Bulan puasa bolehlah disebut bulannya sarungan. Lebih dekat dengan tradisi sarungan. Saat sholat tawarih, saat tadarusan bahkan saat ngabuburit menunggu waktu berbuka puasa. Apalagi bila sarung dipakai anak-anak muda. Sebagai kain menjadi tradisi masyarakat Indonesia, sarung dengan berbagai motif-nya layak dijadikan gaya hidup atau flexing. Pamer sarungan nggak masalah dong.
Maraknya tawuran, penganiayaan, bahkan gaduh di media bisa jadi karena banyak orang sudah jarang sarungan. Jadi apa saja dipersoalkan. Sampai-sampai drawing piala dunia 2023 dibatalkan. Sudah lupa memakai sarung. Sehingga gagal menahan diri. Semua hal “digaduhkan”. Makin lupa, bahwa bulan puasa itu bulannya menahan diri.

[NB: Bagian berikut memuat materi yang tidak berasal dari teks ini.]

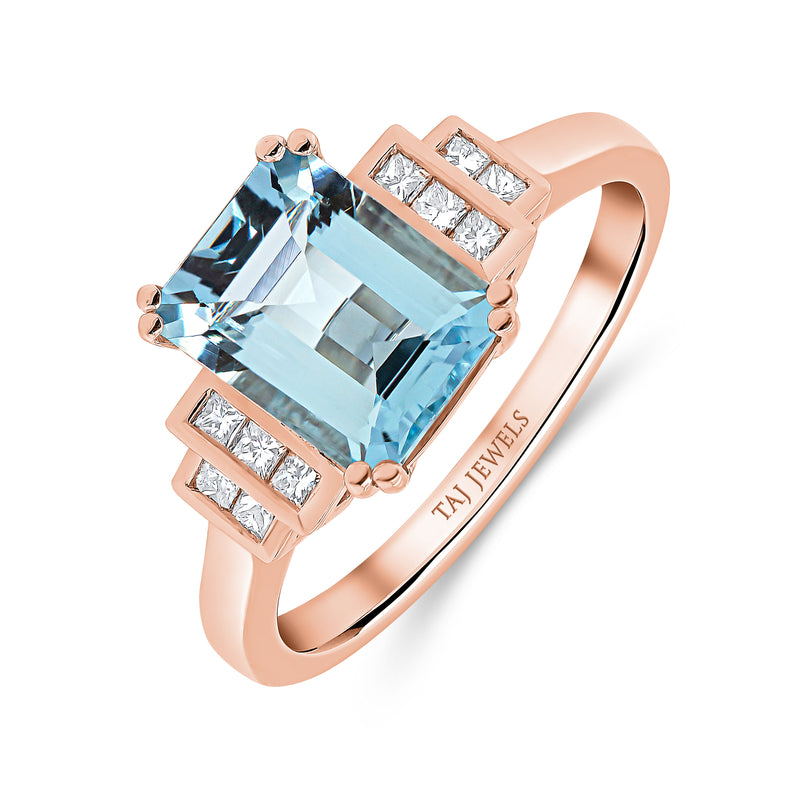 Aquamarine Emerald Cut Centre & Princess Diamond Ring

Memakai sarung itu berarti mau menahan diri. Karena yang ada di dalam sarung itu “sesuatu” yang berbahaya. Keris, pistol pun ada sarungnya. Disarungi, agar tidak bahaya buat orang lain. Maka sarungan itu untuk menahan apa-apa yang ada di dalamnya. Tidak untuk diperlihatkan dan dipamerkan ke orang lain. Sayang sekali, mulut nggak ada sarungnya? Sarung juga bukan soal harga atau prestise. Tapi soal nilai-nilai. Nilai untuk menahan ego, nilai kesederhanaan. Karena saat sarungan, siapapun jadi lebih beradab, lebih peduli pada akhlak.

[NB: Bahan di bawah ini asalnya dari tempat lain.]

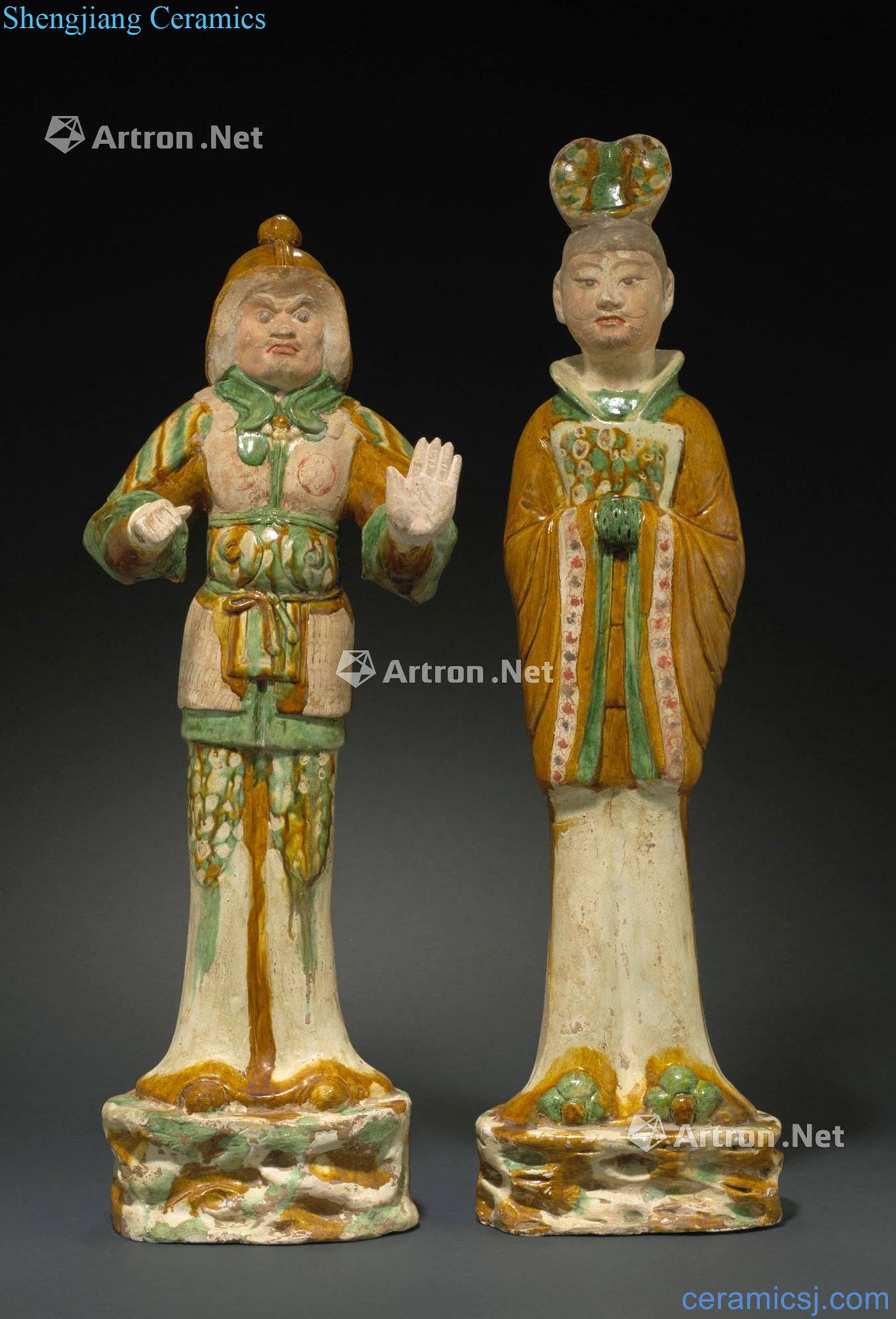 The tang dynasty Three painted pottery as civilian and military attache station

Maka sejatinya, orang yang sering sarungan. Harusnya mampu menahan diri. Menahan diri dari omongan yang nggak perlu dan nggak bermanfaat. Menahan diri dari nafsu berkuasa dan nafsu dunia. Bahkan saat sarungan, siapapun mampu menjaga orang lain agar tidak mendapat keburukan darinya. Makanya sarungan, agar nggak cidera atau menciderai.

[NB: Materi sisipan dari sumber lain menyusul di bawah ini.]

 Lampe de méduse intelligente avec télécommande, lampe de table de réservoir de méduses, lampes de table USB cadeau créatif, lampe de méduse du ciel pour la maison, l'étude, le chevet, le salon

Sarung atau sarungan dapat melembutkan hati. Untuk membaguskan ibadah, memperbaiki diri. Sementara orang yang jarang sarungan, bisa jadi urusan ibadah hanya sebatas didiskusikan. Memperdebatkan ajaran agama tanpa ikhtiar mengamalkannya. Jarang sarungan, jadi sibuk “menyarungi-menutupi” pikirannya yang kotor. Agar semua terlihat begitu indah, begitu sedap dipandang mata. Walau tidak bermakna apa-apa.
Kata peribahasa “bagai menghasta kain sarung”. Banyak orang suka melakukan pekerjaan yang tidak menghasilkan apa-apa. Banyak orang suka melakukan pekerjaan yang sia-sia. Orang zaman now, mungkin, sudah nggak suka pakai sarung. Jarang sarungan, jadi nggak bisa menahan diri lagi, gemar dengan yang sia-sia. Zaman now, banyak orang gampang panasan. Banyak yang nafsuan. Banyak yang flexing atau pamer harta. Sudah lupa pakai sarung. Sehingga hidupnya dikuasai ego, dikuasai nafsu. Maka pakailah sarung. Agar bisa menahan diri, bisa menjaga apa-apa yang berbahaya.
Sarungan, sejatinya jadi simbol. Untuk ebih legowo dan mau menerima realitas. Karena siapapun, orang besar atau orang kecil sama saja bila pakai sarung. Sarung nggak pernah membeda-bedakan ukuran. Semua cocok dan pas bila memakai sarung. Jangankan ke masjid atau di rumah. Sarung juga pantas dipakai ke undangan, ke tempat kerja atau ke sawah sekalipun. Ngobrol memakai sarung pantas, main bola pakai sarung pun bisa. Apalagi tarawih atau walimahan, sangat pas pakai sarung.
Zaman boleh digital atau zaman edan. Tapi bukan berarti, melupakan sarung. Karena sarung, itu tempat singgah kita yang paling apa adanya, paling asli. Sarung, jadi simbol kesederhanaan. Agar lebih rajin ibadah, rajin berbuat dan menebar kebaikan. Bahkan sarung, bisa jadi tren busana yang menunjukkan kesopanan dan kewibawaan. Dan yang penting, memakai sarung itu gulungannya di depan bukan di belakang. Biar nggak kebanyakan mengingat masa lalu. Tapi lebih fokus ke masa depan. Sebut saja, literasi sarungan.